The record contains a stipulated FREC investigative report showing shortages in Saker & Associates' trust and escrow accounts during the years 1985-89, which resulted in petitioner's surrender of his real estate broker license. Respondent's determination with respect to the amount of the unexplained shortages in Saker & Associates' trust and escrow accounts in 1985 is derived from the workpapers of Davis, petitioner's C.P.A. Petitioner alleges that Childress embezzled the entire amount of the shortage in the trust and escrow accounts during 1985. However, all of the evidence in the record limits the amount of Childress' theft in 1985 to approximately $10,000. Petitioner stipulated to the results of Childress' polygraph examination and her signed statement that she stole $10,000 during 1985. Combs testified that petitioner told her that Childress had taken approximately $10,000, and that, during 1986-89, she was aware that petitioner repeatedly took cash out of the trust and escrow accounts for his personal use.
Petitioner has not offered any argument or evidence to explain the balance of the shortage in 1985. Childress testified that, on occasion, she saw petitioner take cash rents collected from tenants and write receipts to the trust and escrow accounts during 1985. These transactions were never recorded on the books. Petitioner did not deny or rebut Childress and Combs' testimony that he regularly took money from the trust and escrow accounts leaving receipts or "IOUs". Petitioner thus has failed to show that the unexplained shortages in Saker & Associates' trust and escrow accounts were not removed and used for his personal benefit. Childress, despite her less than exemplary record, was a credible witness. (At the time of trial, Childress had been drug-free for 4 years.) Combs was familiar with petitioner's operation and practices and was also a credible witness.

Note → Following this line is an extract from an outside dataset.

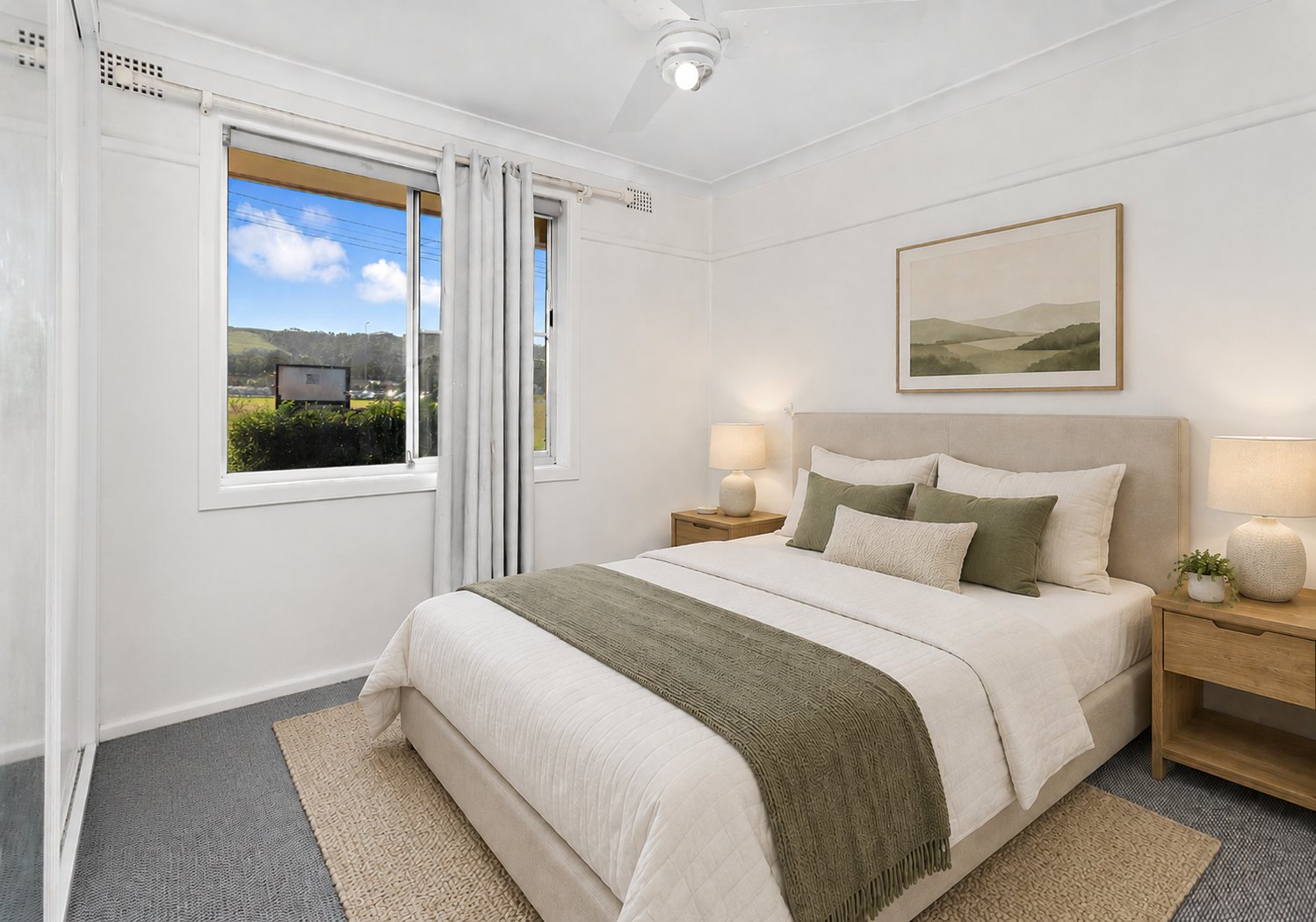 46 Burke Way BERKELEY 4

Petitioner was not a believable witness.
Accordingly, we conclude that petitioner had income in 1985 from deficits in his trust and escrow accounts in the amount of $33,126.
Respondent determined that petitioner is liable for additions to tax in 1985 under section 6651(a)(1) for failure to file timely his tax return, under section 6653(a)(1) and (2) for negligence or intentional disregard of rules or regulations, and under section 6661(a) for substantial underpayment of income tax. Petitioner did not address the additions to tax at trial or on brief and is, therefore, deemed to concede them. We sustain respondent's determinations under sections 6651(a)(1), 6653(a)(1) and (2), and 6661(a).
Decision will be entered under Rule 155.